Sea anchors have been long-known. Sea anchors can be found in the naval lore dating to the 1700's where sailing ships, under the press of wind and wave during storms, have deployed sea anchors to assist in reducing undesired motion (drifting) of the vessel through the sea in response to the wind and wave. These early sea anchors would appear to have been simply a piece of sailcloth tied to a mooring line at the four corners and deployed overboard, perhaps with weighting to assure their sinkage to "fill", so to speak, with seawater as the motion of the vessel dragged the sea anchor through the water and thereby resist drifting motion of the vessel.
The stability of sea anchors has not always been completely desirable, however. For example, a sea anchor is subject to rotational forces as the sea anchor moves through the water and in the event the rotational motion is extensive, the shroud lines by which corners of the sea anchor are attached to a mooring line can become twisted, one with the next, eventually collapsing the sea anchor.
Equally, recovery of a sea anchor has traditionally required strenuous effort since during recovery the sea anchor was being pulled against the resistance of water trapped thereby; or alternately it was necessary to take the vessel to the sea anchor for recovery. As a result of both of these certain difficulties in recovering sea anchors once deployed, and certain losses as a result of sea anchors becoming fouled and requiring jettisoning, traditionally sea anchors have often been simply regarded as expendable and configured to be unhooked and allowed to sink at sea when their use was no longer required. While such simple abandonment represents a cost in lost materials and therefore, to a certain extent, has been considered undesirable, for small vessels a more serious difficulty is associated with simple abandonment of sea anchors when the weather calms. Often these small vessels can carry only a limited number of sea anchors; and in very small vessels such as liferafts, typically only a single sea anchor can be accommodated. While abandonment of the sea anchor allows the vessel free mobility again following, for example, a storm involving severe wind and wave, should the sea anchor be abandoned, subsequent storms could cause considerable difficulty for a vessel thereby found without a replacement on board.

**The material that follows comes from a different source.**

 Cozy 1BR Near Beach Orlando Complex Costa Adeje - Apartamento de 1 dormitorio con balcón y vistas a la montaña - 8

Accordingly, a sea anchor configured to be substantially free of opportunity for self-fouling while still readily recoverable with a minimal effort could have substantial utility in commerce. Likewise, methods for retrieving sea anchors readily and means for implementing such methods could find substantial utility in commerce.

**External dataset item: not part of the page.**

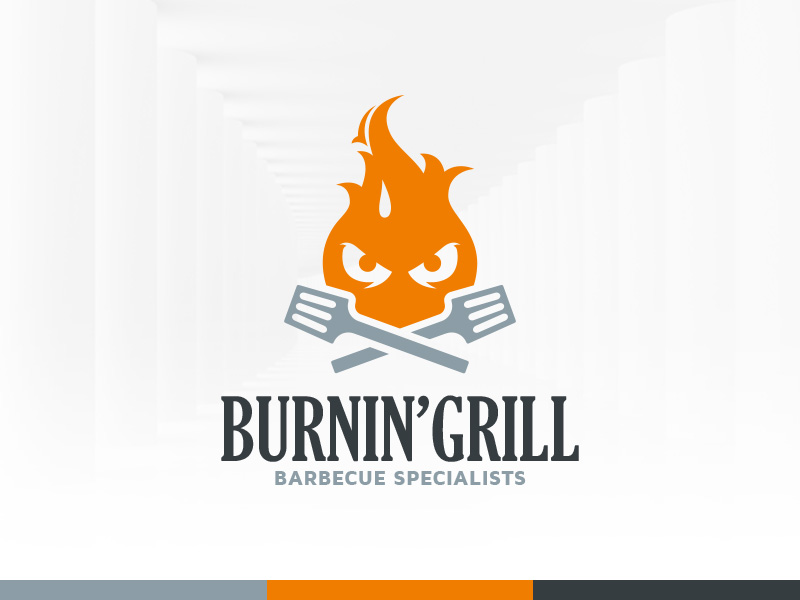 Burning Grill Logo Template by Alex Broekhuizen on Dribbble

The present invention provides a recoverable sea anchor together with a method for recovering a sea anchor. The recoverable sea anchor of the invention is particularly configured to reduce significantly an opportunity for fouling of the shroud lines supporting outer edges of the sea anchor by reason of rotation of the sea anchor about an axis as the sea anchor moves thorough a fluid such as fresh or seawater.
The sea anchor of the invention includes a flexible shroud configured to assume a generally concave configuration, when viewed from the vessel to which it is attached, while in use. The sea anchor includes a coupling and further includes a shroud attachment means joining an outer periphery of the shroud with the coupling.
A means is provided on the sea anchor for connecting the coupling of the shroud to a vessel. This connecting means is rotatable through 360° and is configured to permit swiveling action throughout an arc of at least 10°. The connecting means includes an attachment means, a mooring line configured for operable connection of the coupling and the attachment means, and a trip line configured for operable connection of the attachment means with a center portion of the shroud. The trip line is configured to pass through the coupling means in a manner whereby the coupling means is rotatable about an axis defined by the trip line.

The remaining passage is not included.